Ça commence par une libération. Celle d’Alain, quarante-huit ans, qui sort de prison et s’installe chez Yvette, sa mère, le temps de trouver du boulot. Mais cette cohabitation forcée le replonge dans la claustration émotionnelle qui emmure ces deux âmes. Avec Quelques heures de printemps, Stéphane Brizé continue son exploration de la solitude dans un film âpre et juste.
Elle mange devant le JT de TF1, fait un puzzle et des compotes de pommes, repasse ses torchons, prend ses médicaments. La vie d’Yvette, frêle veuve maniaque, est réglée comme du papier à musique. Sauf que la mélodie domestique n’a plus rien d’agréable et ne laisse que la place à la pesanteur des silences, attendant sagement sa conclusion fatale. Car Yvette est malade, atteinte d’un cancer incurable qu’elle a choisi de combattre « dignement » en optant pour le suicide assisté, en Suisse. Mais on sent bien, d’emblée, que l’austérité de chacun de ses gestes, de chacune de ses avares paroles, est plus profondément ancrée en elle. Et que son fils qui la rejoint sans plaisir après dix-huit mois de prison pour un minable trafic de drogue a hérité de sa triste rugosité.
Ils n’arrivent pas à se parler, à communiquer. Les regards s’effleurent à peine, les corps s’éloignent, et la partition oscille entre les silences et les cris, ne parvenant jamais à trouver une mesure intermédiaire où trouver une entente. Les mots s’évanouissent et les émotions, enfouies depuis trop longtemps, s’effacent dans la mécanicité mutique d’un quotidien à l’âpre banalité. Il est alors une autre maladie dans ce film, qui ronge tous les êtres et semble contagieux, empoisonnant les rapports avec le voisin amoureux ou la belle femme pourtant pétillante séduite par Alain : la difficulté à se livrer et la muraille de solitude qu’elle élève entre les êtres qui s’aiment. Un sujet que Brizé explorait déjà dans ses précédents longs-métrages, Je ne suis pas là pour être aimé et Mademoiselle Chambon. De fait, Quelques heures de printemps ne se veut nullement un film à thèse sur le suicide assisté à l’heure où la scène politique française relance le débat sur l’euthanasie.
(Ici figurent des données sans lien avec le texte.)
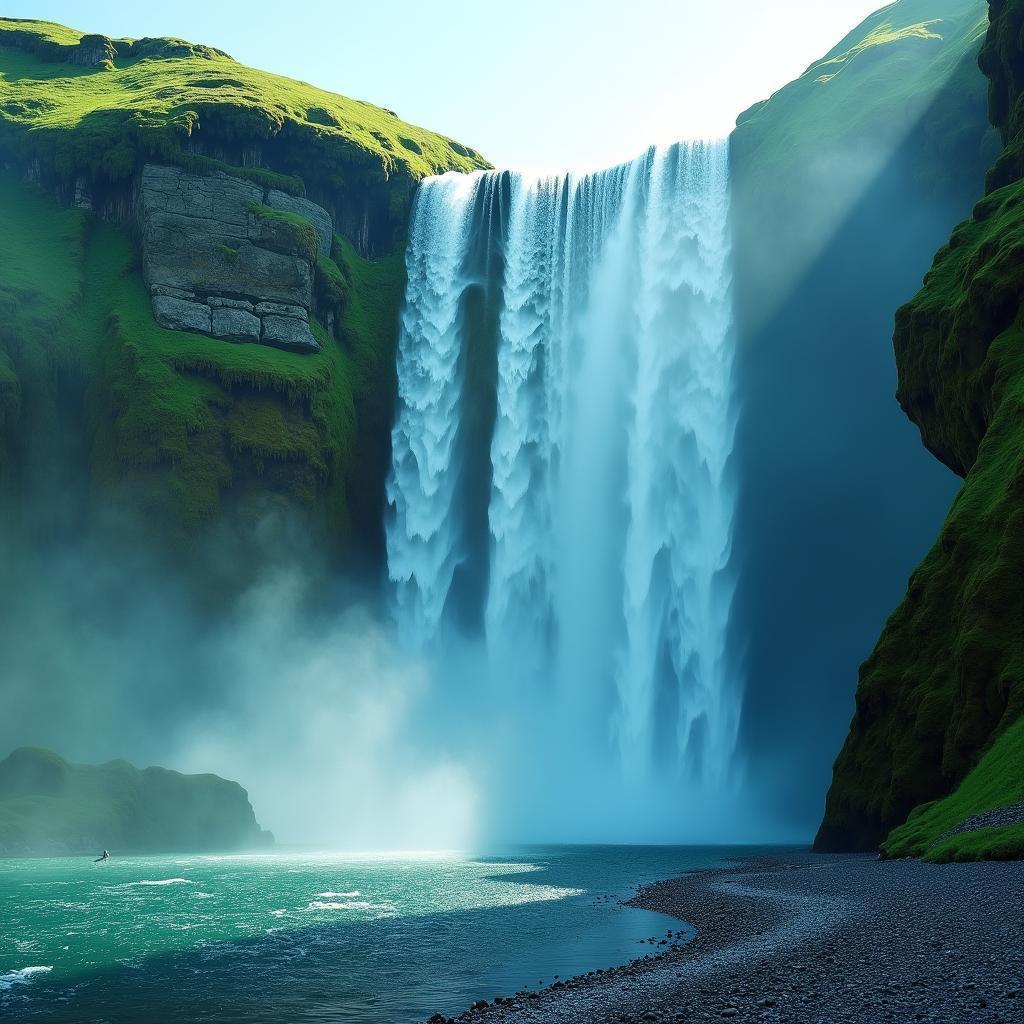 Misty Waterfall Cascading Through Verdant Landscape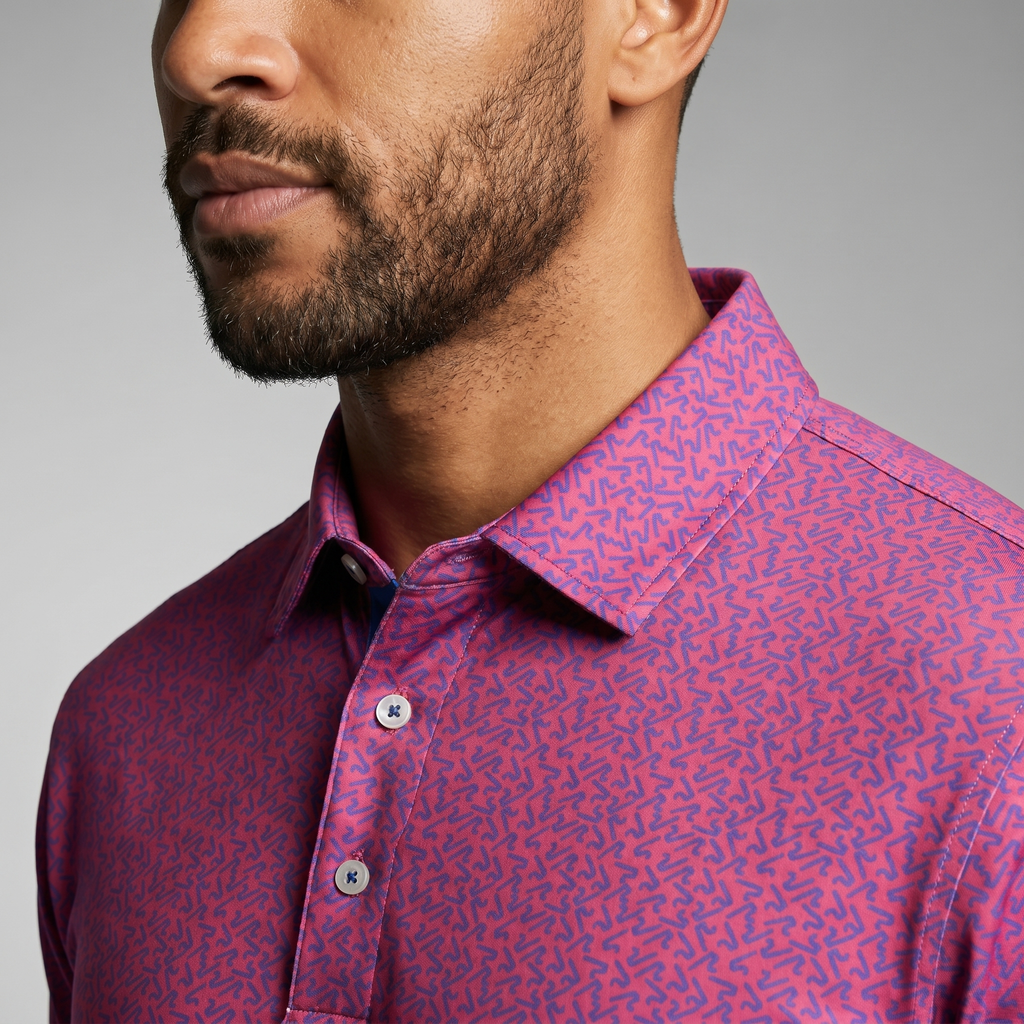Mens Lightweight Polyester Spandex Golf Polo Moisture Wicking Quick Dry Shirt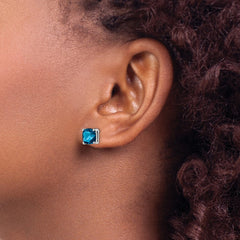 QE10322BT Sterling Silver Rhodium Plated London Blue Topaz Post Earrings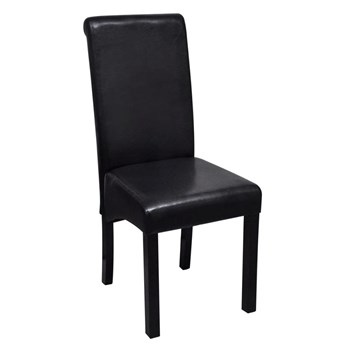Emaga Krzesła stołowe, 4 szt., czarne, sztuczna skóra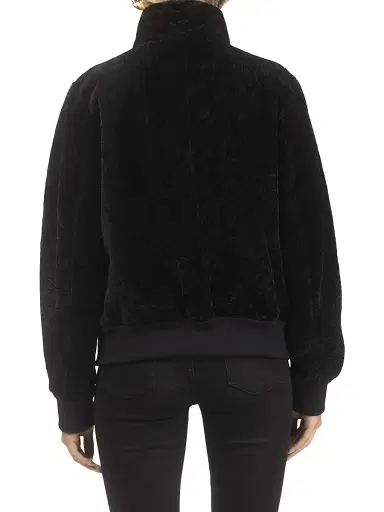 Gorski Women's Reversible Textured Shearling Lamb Bomber Jacket - Black - Size Large | Thumbnail 4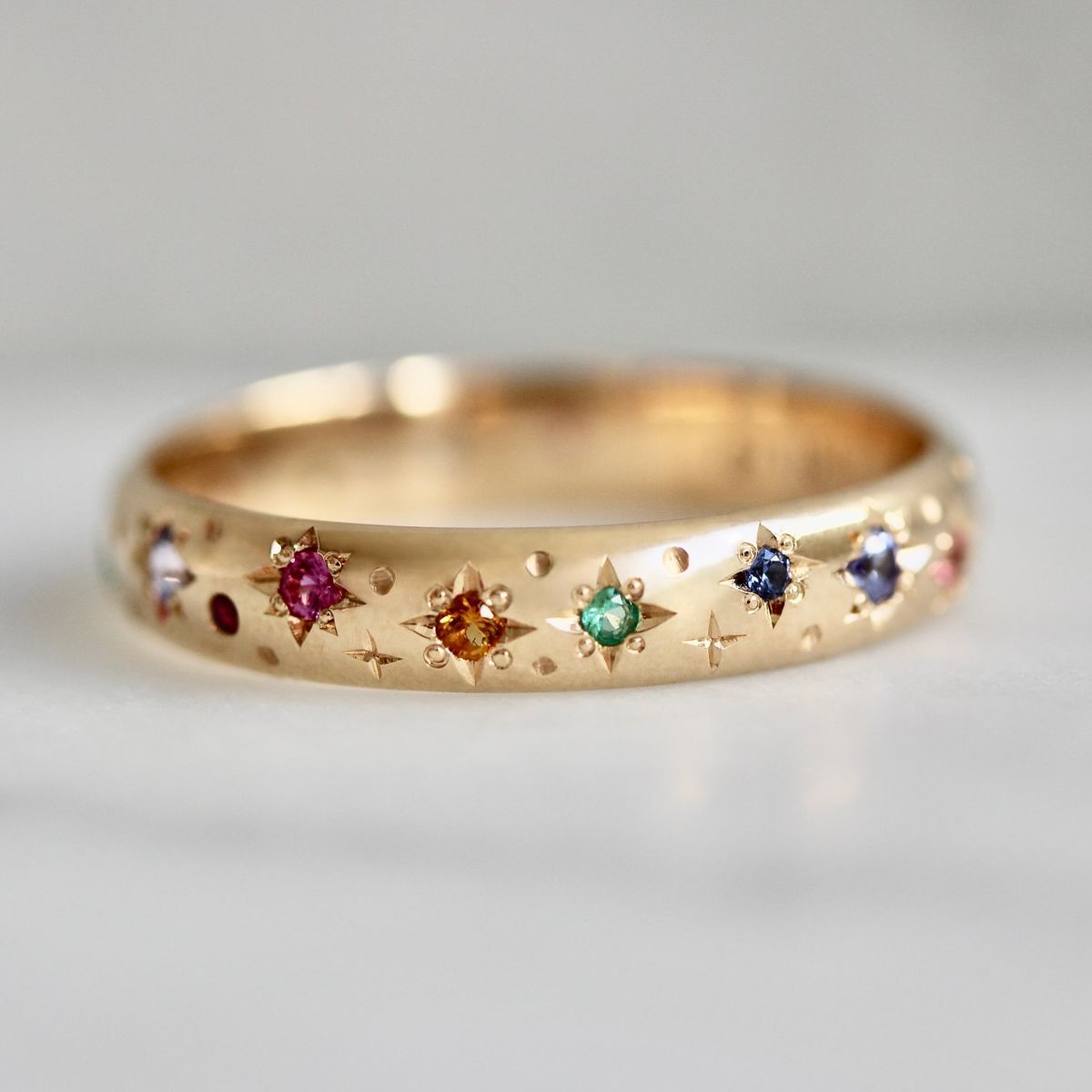 Colorful Starlight Zirconia Gold Ring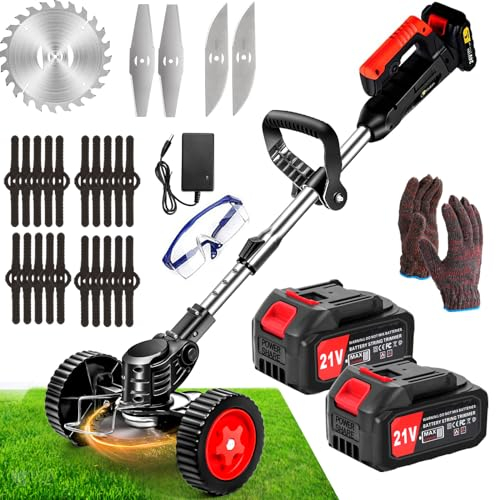ZJS Cordless Strimmer 21v Garden Strimmer with 2 4.0Ah Batteries Grass Trimmers with 25 Blades Electric Strimmer Detachable Battery Strimmer Height Adjustable Suitable for Garden Lawn Trimming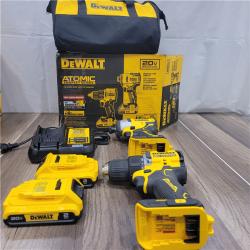 AS-IS DEWALT ATOMIC 20-Volt MAX Lithium-Ion Cordless Combo Kit (2-Tool) with (2) 2.0Ah Batteries, Charger and Bag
La mort choisie sert d’événement dramaturgique en filigrane, solution ultime pour confronter ce couple malade à une situation que le quotidien ne peut plus instaurer, celle d’un échange, d’une étreinte qui saura crever l’abcès du désamour.
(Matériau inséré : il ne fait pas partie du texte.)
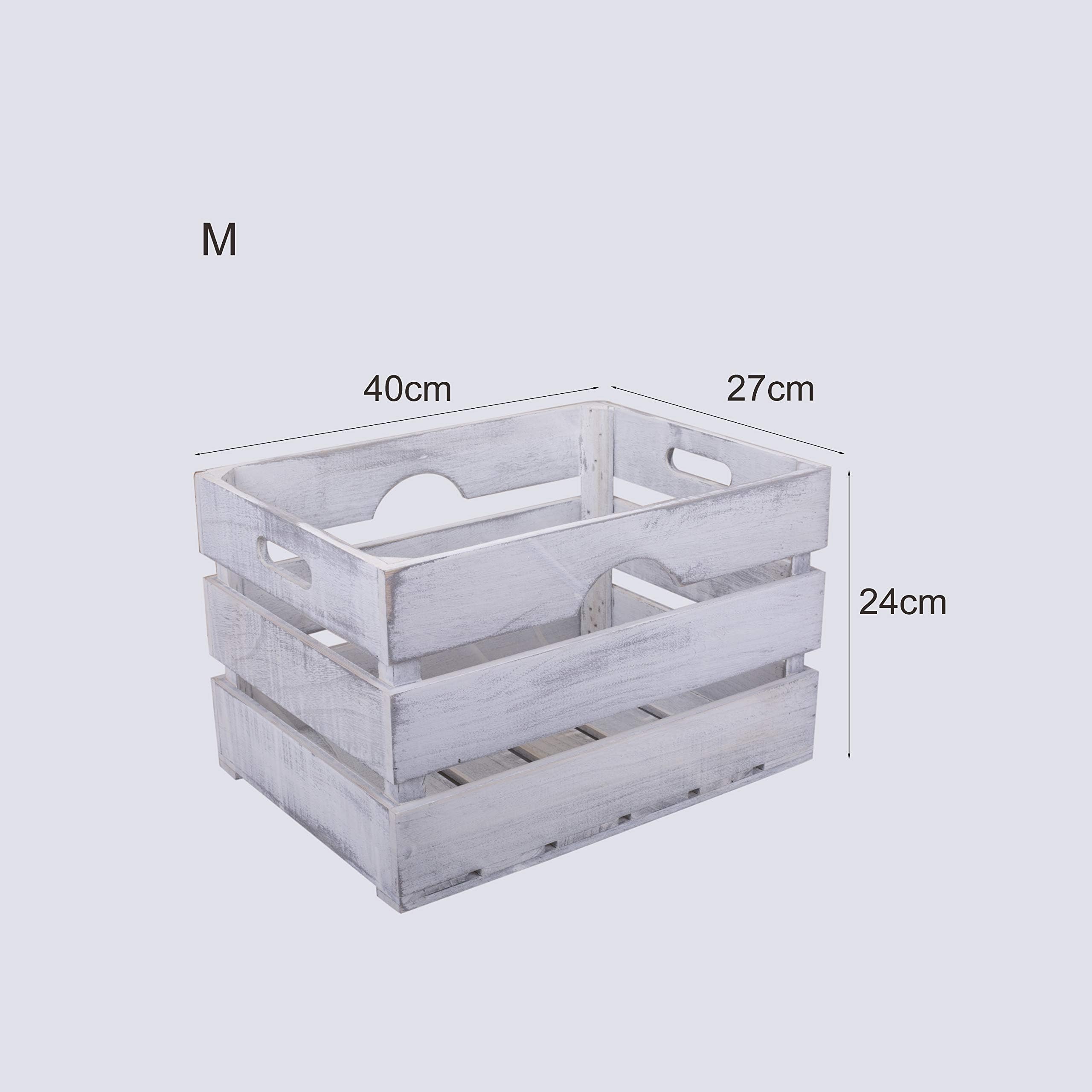 BASIC HOUSE VINTAGE WOODEN CRATE STORAGE BOX/PLANTER/SHELVES ETC (3 x Medium)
Pour exprimer ce drame intimiste, la mise en scène de Brizé épouse cette âpreté. Plans rapprochés, champs-contrechamps et plans séquences enrobent le film d’une épure classique sans jamais le soumettre à un schématisme complaisant. Le champ-contrechamp peut ainsi souligner le clivage comme l’accord, notamment dans la scène de rencontre avec Clémence (Emmanuelle Seigner), séduction sans mot fondée sur l’intensité des regards. On pourrait redouter qu’un tel ascétisme ne vire à l’exercice de style d’un minimalisme auteuriste. Mais la puissance des comédiens, mélancolie volcanique de Vincent Lindon et douloureuse sécheresse d’Hélène Vincent, ôte le doute. La longueur des plans durant lesquels prolifère la tension comme le cancer d’Yvette laisse le temps aux acteurs de distiller d’infimes nuances qui font la richesse essentielle de ce long-métrage. S’il ne plombe jamais son film d’un discours sur le suicide assisté, Brizé a également l’intelligence de ne pas céder à l’emphase mélodramatique qui pourrait enfermer un tel sujet, en ouvrant quelques portes furtives à une délicate drôlerie. On en ressort la larme à l’œil sans avoir la désagréable sensation de se l’être fait arracher à coups de pathos.